I’m writing from a writer’s worst nightmare.

 
   

My laptop crashed.

The tragedy occurred late last night. I was working overtime, poring over the latest draft of my next novel because the day had gotten away from me.

I do my best work early. There's a silent, golden window that opens around five every morning. I should’ve known better. Fellow Arkansas crime novelist Kelly J. Ford tried to warn me. Years ago, she said, “Do not hurry. Do not rest.”

I’ve got that last part down pat. I don’t idle well. I can run on five, maybe six hours of sleep. No problem.

Maybe my laptop just couldn’t keep up. Maybe that’s why, around midnight, these wavy horizontal lines appeared across the screen. I kept working. I plugged my Mac into a monitor and ploughed ahead.

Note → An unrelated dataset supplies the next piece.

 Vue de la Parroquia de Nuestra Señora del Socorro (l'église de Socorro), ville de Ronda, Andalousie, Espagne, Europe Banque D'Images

Ten minutes later, the wavy horizontal lines turned into solid vertical ones. My screen froze. I grabbed my phone. I asked it what I should do. A video of a bald man with a lisp appeared. His first bit of advice was classic: “Have you tried restarting your computer?”

I hadn’t.

In fact, I couldn’t remember the last time I’d powered my laptop down. The lines disappeared, and another bald man appeared, his bearded face framed in the black mirror.

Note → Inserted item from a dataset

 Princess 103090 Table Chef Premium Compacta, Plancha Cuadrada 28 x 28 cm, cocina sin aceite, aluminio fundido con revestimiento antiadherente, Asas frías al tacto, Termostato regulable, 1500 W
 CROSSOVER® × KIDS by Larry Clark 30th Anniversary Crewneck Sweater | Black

It was strange, seeing myself like that. Realizing how many hours I spend every day in that exact same position, while my children’s feet thud the floorboards overhead, or my wife lies curled with a book, waiting for her husband to do what he finally did and come to bed.

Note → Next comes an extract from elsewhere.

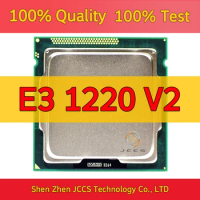 Used Original Xeon E3 1220v2 Processor E3-1220 v2 3.1 GHz Quad-Core CPU 8M 69W LGA 1155 Xeon V2 Support B75 Motherboard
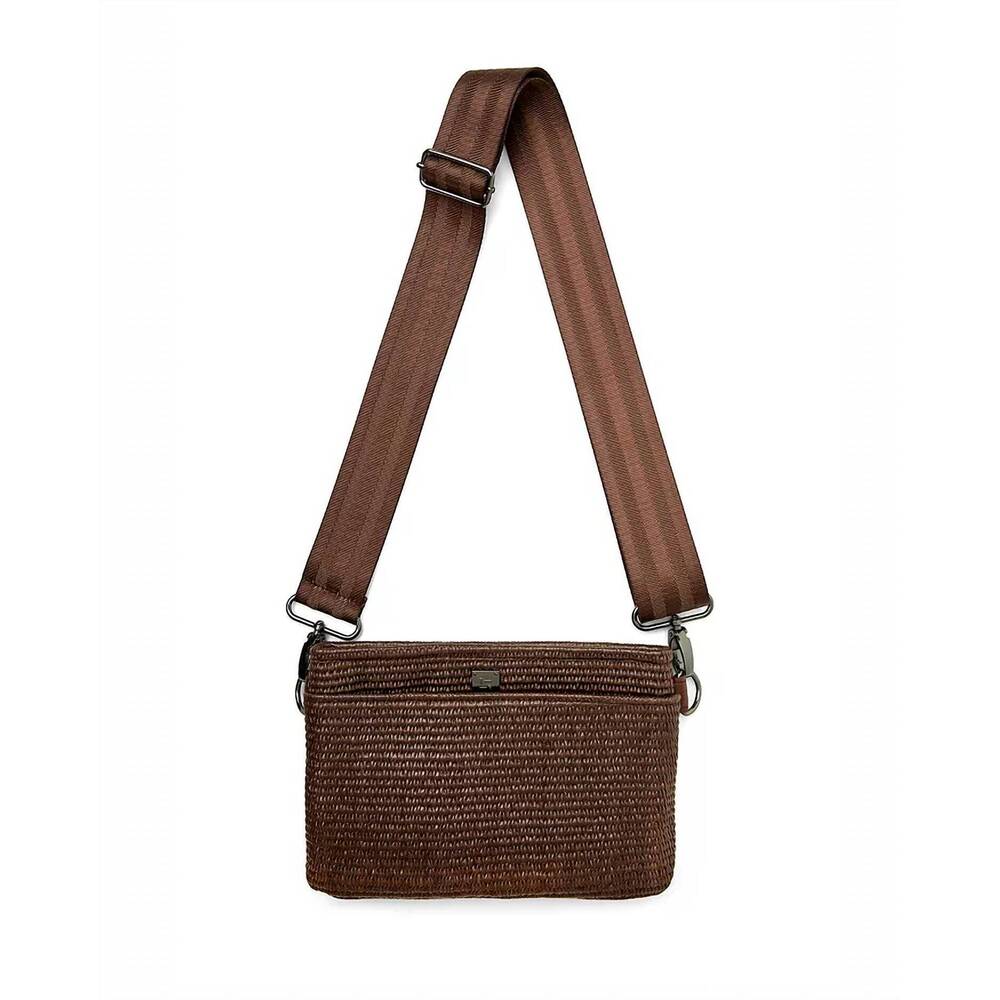 NEW THINK ROYLN raffia bum bag 2.0 in espresso - Picture 5 of 5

Before I made it, though, I received a text from Johnny Wink. Yes. You heard it here first, folks. The last slabless (a “slab” being Winkese for “phone”) American has now joined the masses. My beloved professor makes calls. He can even text, as evidenced by the curious message I received last night:

“She do indeed. She once petted a giraffe in a zoo in Beijing.”

Johnny’s words made me smile, just like they did almost twenty years ago when I took his “Intro to Creative Writing" course.” That's when I fell, head over heels, in love with the idea of being a writer, a man who made a living out of words.

In the same way some men employ their brushes, their plungers, their sledgehammers or scalpels, so I would employ my pen, my mind.

And now that I have, I’m confronted with a new challenge, a balancing act, no different than any other professional, I presume. But what do I know? It’s just me down here, navel gazing my days — and nights — away.

My bed is warm when I slip into it and set my alarm for five, just like always.